Appeared in:
- San Fernando Valley Sierra Club newsletter as The Dirt on Laundry Detergents, Nov 2008 & July 2009.
- Orange Coast Voice as Dirty Detergent: Your laundry may not be so clean, July 2008, page 11.
The Dirt on Laundry Detergents
by Sarah S. Mosko, Ph.D.

Not so clean: Human health issues arise because exposure to laundry products is continuous in most households.
As your fluffy, sweet-smelling, spotless laundry comes tumbling out of the dryer, images of oil rigs and synthetic chemical fabric residues probably never cross your mind. But today’s mainstream laundry detergents are heavily laden with man-made petro-chemicals, some representing risks to aquatic life and human health.

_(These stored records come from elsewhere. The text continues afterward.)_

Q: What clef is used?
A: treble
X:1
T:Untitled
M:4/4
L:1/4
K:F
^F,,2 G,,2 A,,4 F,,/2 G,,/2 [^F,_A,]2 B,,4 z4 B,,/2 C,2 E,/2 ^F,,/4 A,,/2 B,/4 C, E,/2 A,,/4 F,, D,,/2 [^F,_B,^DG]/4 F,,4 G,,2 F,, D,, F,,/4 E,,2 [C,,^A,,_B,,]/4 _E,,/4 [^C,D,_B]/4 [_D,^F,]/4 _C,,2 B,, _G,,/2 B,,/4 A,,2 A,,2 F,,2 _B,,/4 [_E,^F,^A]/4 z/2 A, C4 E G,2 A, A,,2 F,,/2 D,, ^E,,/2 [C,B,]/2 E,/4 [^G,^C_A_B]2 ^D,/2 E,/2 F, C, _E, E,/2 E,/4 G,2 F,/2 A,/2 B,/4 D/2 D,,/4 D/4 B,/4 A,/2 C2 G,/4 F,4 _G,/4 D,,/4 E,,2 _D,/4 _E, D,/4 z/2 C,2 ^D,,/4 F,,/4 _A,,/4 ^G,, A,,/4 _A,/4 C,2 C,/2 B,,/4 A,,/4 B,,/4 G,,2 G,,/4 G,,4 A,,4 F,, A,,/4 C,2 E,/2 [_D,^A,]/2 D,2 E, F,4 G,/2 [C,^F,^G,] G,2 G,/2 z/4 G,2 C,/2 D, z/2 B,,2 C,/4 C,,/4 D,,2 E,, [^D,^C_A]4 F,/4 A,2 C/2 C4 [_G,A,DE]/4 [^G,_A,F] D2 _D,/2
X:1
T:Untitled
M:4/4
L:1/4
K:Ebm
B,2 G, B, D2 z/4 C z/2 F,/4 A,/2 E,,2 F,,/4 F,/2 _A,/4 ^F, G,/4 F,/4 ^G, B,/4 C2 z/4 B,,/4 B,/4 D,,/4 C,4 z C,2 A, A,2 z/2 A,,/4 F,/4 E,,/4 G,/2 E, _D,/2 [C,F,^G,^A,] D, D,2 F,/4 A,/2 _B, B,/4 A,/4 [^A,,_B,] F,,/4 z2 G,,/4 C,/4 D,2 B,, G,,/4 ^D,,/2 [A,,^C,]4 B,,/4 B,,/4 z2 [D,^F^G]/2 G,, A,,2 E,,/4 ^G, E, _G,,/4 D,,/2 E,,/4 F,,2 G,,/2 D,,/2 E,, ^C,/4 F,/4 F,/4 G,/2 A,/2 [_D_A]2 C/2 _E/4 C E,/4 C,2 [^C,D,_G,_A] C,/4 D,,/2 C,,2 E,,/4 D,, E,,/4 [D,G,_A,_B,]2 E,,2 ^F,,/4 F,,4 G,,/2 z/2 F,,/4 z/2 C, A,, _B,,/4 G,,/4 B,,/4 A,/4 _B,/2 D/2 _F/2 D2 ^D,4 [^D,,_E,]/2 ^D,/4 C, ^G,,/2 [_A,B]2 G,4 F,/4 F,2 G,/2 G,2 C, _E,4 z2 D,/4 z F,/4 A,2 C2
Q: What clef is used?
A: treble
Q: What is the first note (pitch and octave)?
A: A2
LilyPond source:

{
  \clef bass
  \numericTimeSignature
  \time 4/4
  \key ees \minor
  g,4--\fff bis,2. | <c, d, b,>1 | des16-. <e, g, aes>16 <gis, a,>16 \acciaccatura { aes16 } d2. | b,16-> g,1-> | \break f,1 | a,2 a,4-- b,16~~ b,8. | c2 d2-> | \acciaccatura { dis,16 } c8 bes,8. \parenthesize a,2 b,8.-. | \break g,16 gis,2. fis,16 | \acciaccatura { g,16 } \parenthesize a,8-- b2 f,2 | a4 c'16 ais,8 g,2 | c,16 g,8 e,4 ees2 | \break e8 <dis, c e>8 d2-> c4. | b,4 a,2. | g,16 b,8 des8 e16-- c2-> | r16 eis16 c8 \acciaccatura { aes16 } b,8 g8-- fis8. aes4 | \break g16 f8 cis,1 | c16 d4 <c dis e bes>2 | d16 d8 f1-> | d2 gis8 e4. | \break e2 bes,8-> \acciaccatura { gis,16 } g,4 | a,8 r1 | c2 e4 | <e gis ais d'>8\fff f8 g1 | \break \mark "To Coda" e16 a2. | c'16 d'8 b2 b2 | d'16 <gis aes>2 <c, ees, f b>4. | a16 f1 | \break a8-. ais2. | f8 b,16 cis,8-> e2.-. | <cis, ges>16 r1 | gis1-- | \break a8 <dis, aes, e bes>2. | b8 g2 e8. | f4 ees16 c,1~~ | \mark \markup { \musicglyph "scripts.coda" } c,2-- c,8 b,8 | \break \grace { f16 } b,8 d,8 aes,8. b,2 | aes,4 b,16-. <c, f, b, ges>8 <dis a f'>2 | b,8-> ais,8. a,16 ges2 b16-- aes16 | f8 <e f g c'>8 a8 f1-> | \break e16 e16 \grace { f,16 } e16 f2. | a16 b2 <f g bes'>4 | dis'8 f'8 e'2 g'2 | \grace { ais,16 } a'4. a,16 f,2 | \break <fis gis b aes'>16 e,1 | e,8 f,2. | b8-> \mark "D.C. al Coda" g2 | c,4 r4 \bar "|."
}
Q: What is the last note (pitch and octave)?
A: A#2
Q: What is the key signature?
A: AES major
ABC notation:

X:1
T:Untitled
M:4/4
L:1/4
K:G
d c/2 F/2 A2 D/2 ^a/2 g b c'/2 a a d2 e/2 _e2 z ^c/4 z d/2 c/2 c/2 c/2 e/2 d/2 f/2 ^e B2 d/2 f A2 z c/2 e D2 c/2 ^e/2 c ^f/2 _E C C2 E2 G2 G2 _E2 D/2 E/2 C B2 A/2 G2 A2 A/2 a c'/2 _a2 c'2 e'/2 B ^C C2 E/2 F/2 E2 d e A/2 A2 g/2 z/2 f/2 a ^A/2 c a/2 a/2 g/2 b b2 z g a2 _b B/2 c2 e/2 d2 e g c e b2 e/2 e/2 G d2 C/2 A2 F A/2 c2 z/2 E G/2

Historically, soaps were made by simply heating plant or animal oils with wood ashes, a strong alkali. The result is a two-ended compound called a surfactant that can rout out greasy soils because the oil-loving (lipophylic) end is attracted to oily dirt, budging it out of the fabric, while the water-loving (hydrophilic) end is attracted to the water, keeping the lifted dirt in the wash water.
A scarcity of such oils in WWII fostered the birth of synthetic laundry detergents (LDs) based instead on cheaper, petroleum-based surfactants that now dominate the market. The most common ones today are LAS (linear alkylbenzene sulphonate) and AS (alkyl sulphates).